​La corruption vue et vécue d’en bas

La lutte contre la corruption est-elle encore possible dans un pays où elle fait partie de la culture nationale ?


Par Mohamed Azergui *
Mardi 16 Décembre 2014

​La corruption vue et vécue d’en bas
La corruption était inconnue dans le village de mon enfance des vieux monts de l’anti-Atlas. Nous n’avions pas besoin de corrompre personne, ni les moyens de le faire, ni de vils maîtres à détourner.   
Les habitants vivaient en paix, avec peu, en autarcie, dans la nature sans rien attendre de l’extérieur. Personne n’avait de l’argent liquide sauf un boucher (nous troquions de l’huile contre du sucre et du thé). Les gens s’arrangeaient pour avoir un peu de sous avant le passage de l’officier colonial des impôts. Il passait, en escorte, à dates fixes. Il recevait son dû contre un petit reçu sans corruption possible.
La vie du village (mosquée, puits, oued, irrigation, disputes, fêtes) étaient gérée gratis par les vieux. L’esprit et le corps (prières, rêves, obsèques, école, lettres, grigri, soins) étaient régis par notre fquih. Ses services étaient gratuits.   Il était nourri à tour de rôle, payé en orge, olives, amandes en fin d’année. En cas de conflits, nous voyions d’abord un vieil amaghar officiel, borgne, aisé, fatigué de nos disputes. Pour les litiges épineux, nous nous confions au chef de la médersa (Tanalt feu Sidi Haj Lhabib). Ses visites, services et conseils étaient bénévoles et assortis de ses bénédictions.
Obéissance totale. Dans les cas de bagarres avec effusion de sang, on se référait aux autorités coloniales de l’époque. Là, la justice était expéditive, sans appel, en présence des vieux sages de la tribu (jours de corvées utiles). Dans les médinas des années 40/50, les contacts avec les autorités coloniales étaient rares, réduits. Les fquihs, les notables du coin réglaient les litiges à l’amiable sur place, à domicile, ou à la mosquée. En cas de conflits graves, il était impensable pour le commun des citadins de vouloir corrompre les autorités de l’époque. Oser corrompre un officier colonial d’antan, c’était passer de durs moments. Mais la culture arabe citadine abondait de contes de corruption (califes, sultans, vizirs, cadis, caïds..).  Des familles connues au pouvoir dès 1956 ont semé les graines de la tradition de la corruption. Elle s’est enracinée, multipliée et a développé ses métastases au pays à partir des années 60-70. Si bien que de nos jours la corruption fait partie de notre culture, de notre mentalité de Marocains. La culture de la corruption, nous l’avons parmi nous et en nous et nous la transmettons à nos enfants. Notre langage et notre patrimoine cognitif se sont enrichis de termes et d’histoires sur la corruption. Nous gens d’en bas pensons que : devenir grand manitou au pouvoir signifie s’enrichir vite en famille. Nous assistons à ces enrichissements rapides et nous savons tous que la corruption y est pour quelque chose. Une multitude de lois existent mais les filous modernes sont instruits et les contournent en experts. Ils se sont protégés, bien cuirassés. Ils défient les détracteurs de déceler leur fraude et détournement. S’ils sont pris, ils s’en tirent avec peu de blessures (amendes, prison) et gardent le gros de leur butin. Dès lors, nous gens d’en bas sommes sûrs que ne pas vouloir corrompre signifie être candide, rêveur.   

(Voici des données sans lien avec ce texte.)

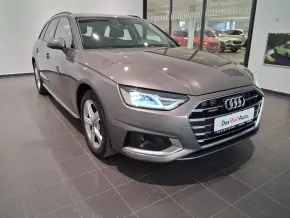 Audi A4 Avant 40 TDI advanced quattro thumbnail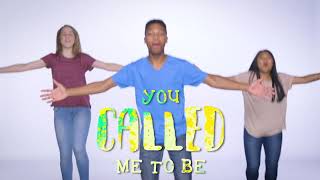 JOURNEY OF A LIFETIME LRYIC &amp; DANCE VIDEO | Kids on the Move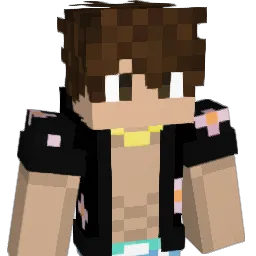 Einfachfloxi's Minecraft skin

Nous participons à la corruption de tous par tous depuis des décennies sous l’œil passif du pouvoir pressé. Par les besoins, nous sacrifions les dieux, les Prophètes et les Livres à l’autel de la corruption. Nous incriminons le grand Satan et son armée de diables mais pas notre lâcheté ou notre conscience. Nous avouons sans remords avoir corrompu tel ou tel commis et rares sont ceux qui nous déprécient. Nous voyons, en silence, nos proches ou amis intimes aux grands postes s’enrichir par la corruption. Au contraire, nous les flattons et cherchons leurs faveurs ou nous apportons de l’eau au moulin.

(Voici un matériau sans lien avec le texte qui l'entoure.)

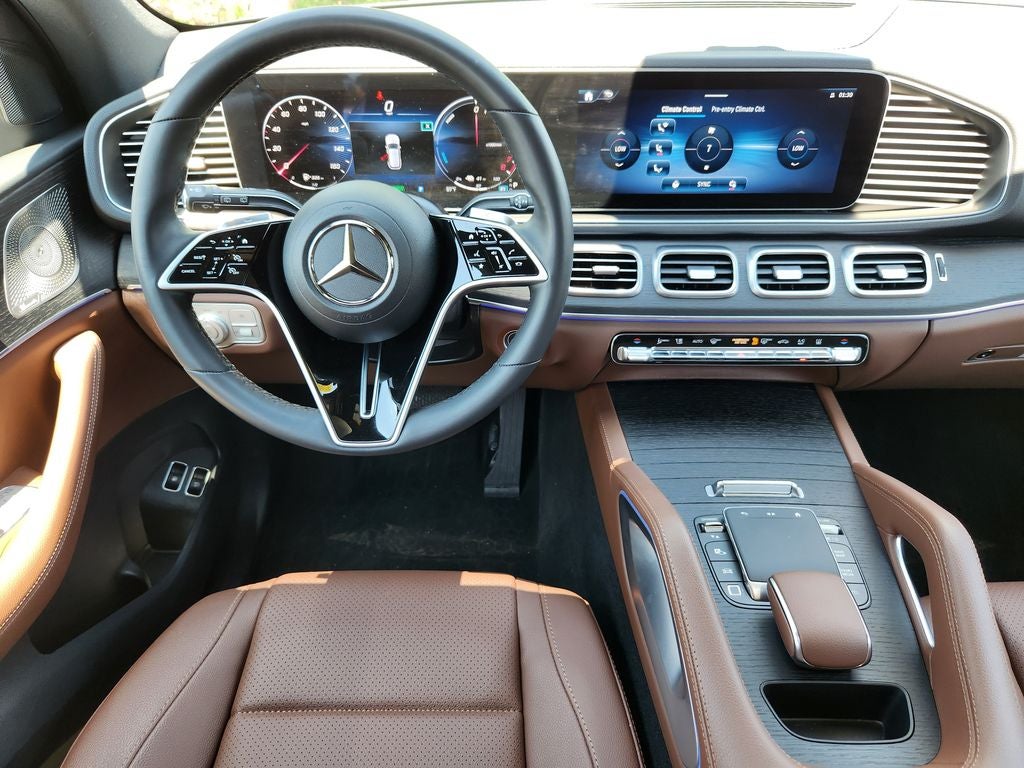 2025 Mercedes-Benz GLE SUV 4DR 4MATIC® GLE 45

Nous cherchons à profiter de cette manne pour avoir un poste, une autorisation et autres avantages. Nous trouvons normal à force d’exemples que les grands commis et clercs deviennent vite très riches. Nous sommes contents d’avoir corrompu la bonne main utile et nous appelons cela cadeaux mérités.   Nous savons tous depuis belle lurette que les corruptions existent sous plusieurs formes, ordonnées. A chacun ses moyens pour corrompre à sa bonne guise et en fonction de ses bonnes visées !.  Ainsi nous avons souvent vu et vécu la petite corruption pour des services qui sont de notre droit. 
Dès l’entrée des agents de sécurité, des chaouchs au pouvoir vague bloquent l’accès et mentent (le chef est absent, en réunion, malade). Vous donnez un petit bakchich, alors ils vous conseillent et conduisent en personne au bon bureau ; votre affaire est en général réglée et vous sentez qu’ils sont de connivence avec les petits fonctionnaires de dedans.  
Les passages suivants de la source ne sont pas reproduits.